Нанося на холст мазок за мазком, он умолял ее покинуть бордель и уехать с ним на другую сторону горы Вельдо, в Падую, говорил, что, если она захочет, он покинет свой университетский кабинет. И Мона, лежа обнаженной на постели, с сосками, твердыми, как зернышки миндаля, и нежными, как лепесток фрезии, неотрывно смотрела на Часовую башню, возвышавшуюся за окном, дожидаясь, пока снова раздастся бой часов. И когда он, наконец, звучал, она смотрела на этого человека исполненным злобы взглядом:
Твое время истекло, — говорила она и удалялась в туалетную комнату.
И каждый день, в пять часов вечера, когда тени от колонн Сан-Теодоро и крылатого льва сливались в одну продолговатую полосу, пересекавшую пьяццу Сан-Марко, анатом приходил в бордель со своим мольбертом, холстом и красками, клал десять дукатов на ночной столик и даже не снимал камзол. Смешивая краски на палитре, он говорил, что любит ее, что, хотя она сама не знает этого, он видит любовь в ее глазах. Он говорил ей, что даже рука Бога не смогла бы вновь создать такую красоту, что, если владелица не разрешит их брак, он выкупит Мону, отдав за нее все деньги, какие у него есть, что она оставит этот позорный публичный дом и они будут жить вместе в его родной Кремоне. И Мона София, которая, казалось, нисколько не слушала его, проводила рукой по своим бедрам, мягким и крепким, словно выточенным из дерева, и дожидалась, пока раздастся первый из шести ударов колокола, и это будет означать, что время ее клиента истекло.

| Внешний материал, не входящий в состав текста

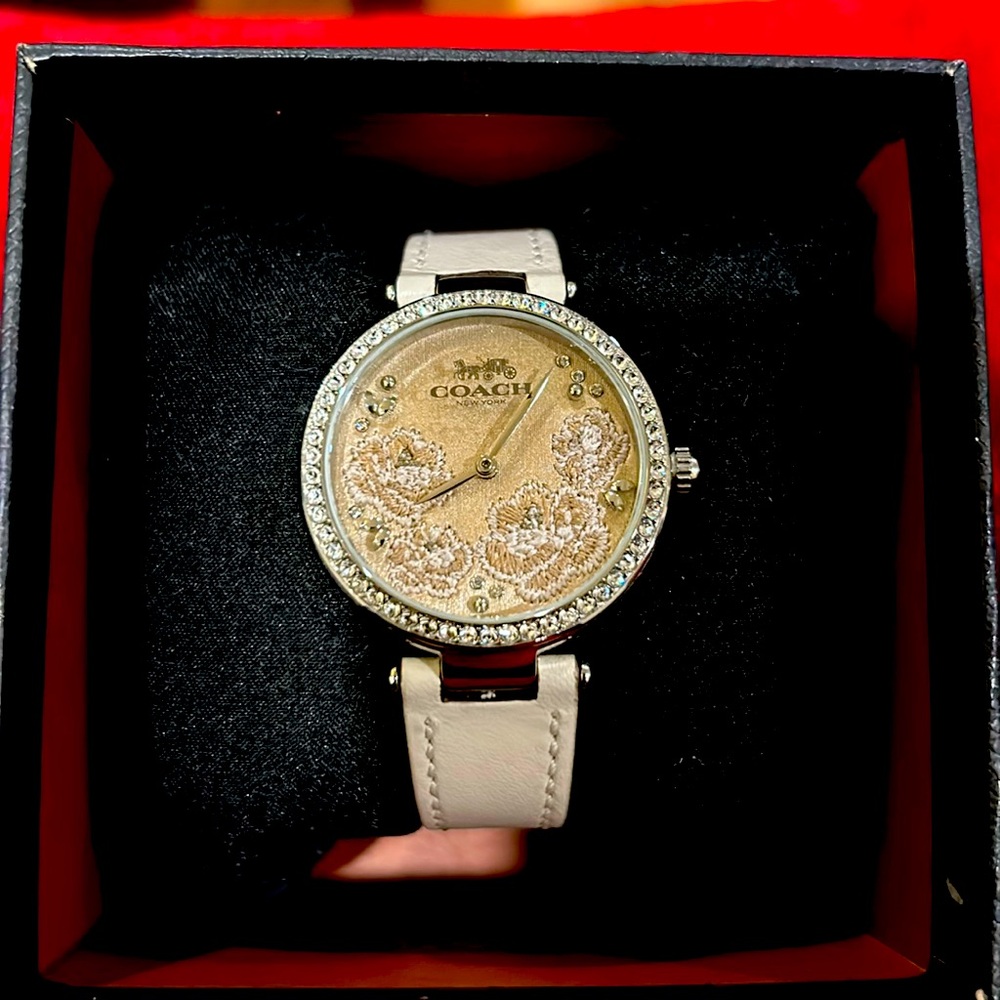 Women’s Coach Watch. Lovely and stylish watch. Can dress it up or dress down.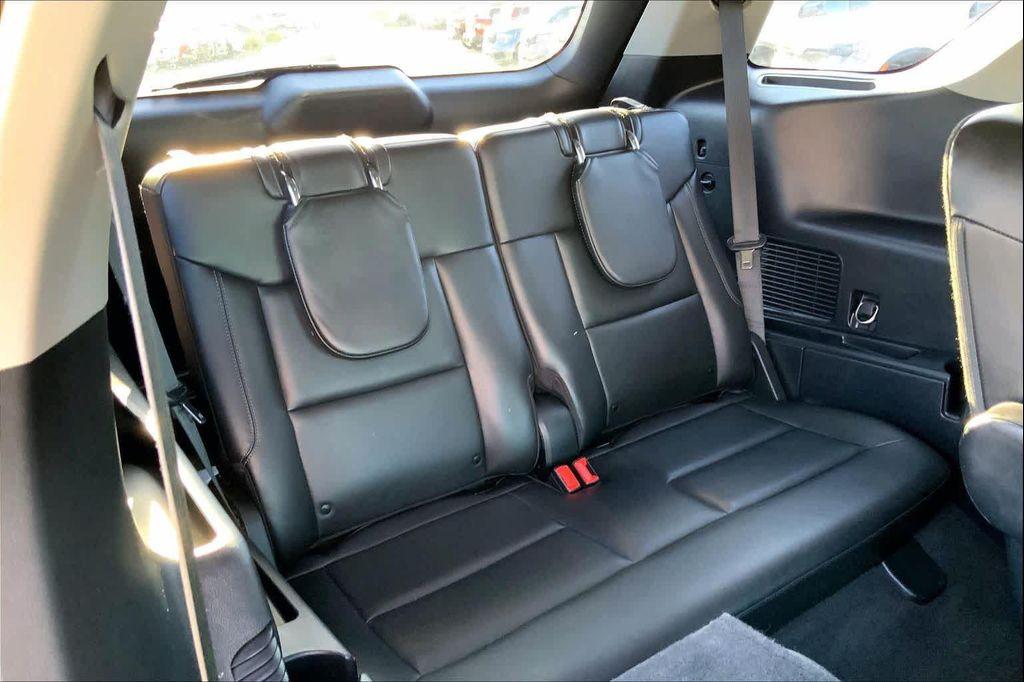 used 2022 Ford Explorer car, priced at $27,336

И каждый день, ровно в пять часов вечера, когда воды канала начинали заливать лестницы Матео Колон приходил в бордель на улочке Боччьяри, неподалеку от церкви Святой Троицы, и, даже не сняв берета, прикрывавшего макушку, клал десять дукатов на ночной столик и, пока натягивал холст, говорил, что любит ее, что они скроются вместе на другой стороне горы Вельдо или, если понадобится, на другом берегу Средиземного моря. И Мона, замкнувшись в циничном молчании, в зловещей тишине укладывала косу, доходившую ей до ягодиц, ласкала свои соски и нисколько не интересовалась, как продвигается портрет. Она смотрела только на часы на башне, дожидаясь, пока они начнут бить, чтобы произнести единственные слова, которые, казалось, могла выговорить:
— Твое время истекло.
И каждый день, в пять часов вечера, когда солнце становилось нежарким и призрачным, десятикратно отраженным куполами собора Святого Марка, анатом, сгибаясь под грузом мольберта, обиды и прочего снаряжения, клал десять дукатов на ночной столик, и в комнате, где аромат горькой любви мешался с резким запахом красок, говорил ей, что любит ее, что готов отдать все, чтобы выкупить ее, что они скроются на другом берегу Средиземного моря, а, если понадобится, —по ту сторону Атлантического океана. И Мона, не говоря ни слова, поглаживала попугая, дремавшего у нее на плече, словно в комнате никого больше не было, и ждала, когда механические фигуры на Часовой башне шевельнутся, и тогда, со сладострастной злобой во взоре произносила:
— Твое время истекло.
И в течение всего своего пребывания в Венеции, каждый день, ровно в пять часов вечера, анатом входил в бордель на улочке Боччьяри, неподалеку от церкви Святой Троицы, и говорил ей, что любит ее. Так продолжалось, пока анатом не закончил портрет и, разумеется, пока У него не кончились деньги. Время его пребывания в Венеции подошло к концу.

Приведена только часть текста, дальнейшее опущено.